Смерть.
Делаем вид, что ничего не произошло. Делаем вид, что ничего не произойдет. Делаем вид, что все нормально. Делаем вид — потому что все равно ничего не можем поделать.
Рыдать, кричать, выть, рвать на себе волосы, валяться по земле. Взывать к людям, взывать к судьбе, взывать к Богу. Плакать, молить, каяться, обещать, требовать, надеется, уповать…
Ничего не можем. Ходим как куклы. Собираемся вместе. Стоим рядом. Понурив головы. Жмем крепко руку. Обнимаем чуть дольше, чем всегда. Смотрим взглядом в никуда. Молчим. Вздыхаем. Все понимаем. Чувствуем, как внутри все обрывается и слезы льют по сердцу, по душе. Чувствуем, что также происходит и у других.
Думаем. Погружаемся в бездну. И спешим остановиться. Потому что нельзя. Потому что страшно. Потому что не знаем как далеко мы спустимся. Потому что дна нет. А вокруг все как прежде. Дома, комнаты, тихий разговор, позы, милые понимающие улыбки.
Запретить себе думать долго. Иначе все. Потому что сказать нечего. Потому что мы тут живем и знаем, что все это вокруг бутафория. А под ней пустота. Под ней ничего нет. Под ней — ничто.
Наш мирок держится деланием вида, что все в порядке; что смерть это так — «что ж сделать», «все там будим», «у всех кто-то умер», «и ничего», «живем».

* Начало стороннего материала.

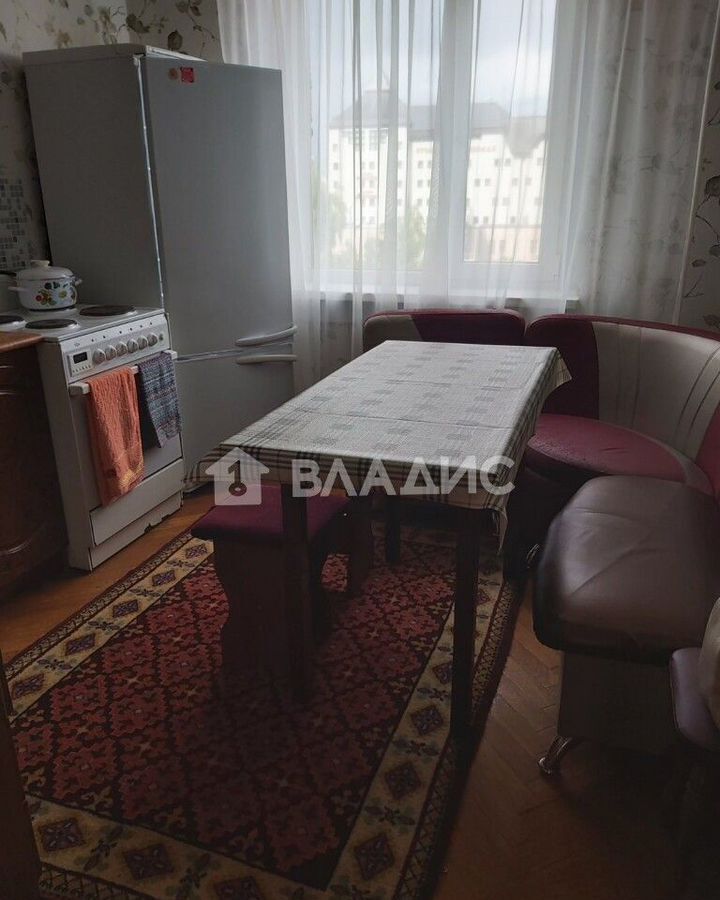 квартира г Тобольск 8-й мкр-н, 31 фото 2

Мы — те цыплята на птицефабрике, которые вот только как вылупились и у которых еще столько впереди времени — столько дней — больше сотни точно… а вокруг тепло, светло, сытно и весело и ничего-ничего мы не должны знать, что будет после… Что мы можем сказать другим цыплятам, чем помочь, что сделать? Ничего. Как мы можем остановить конвейер? Никак.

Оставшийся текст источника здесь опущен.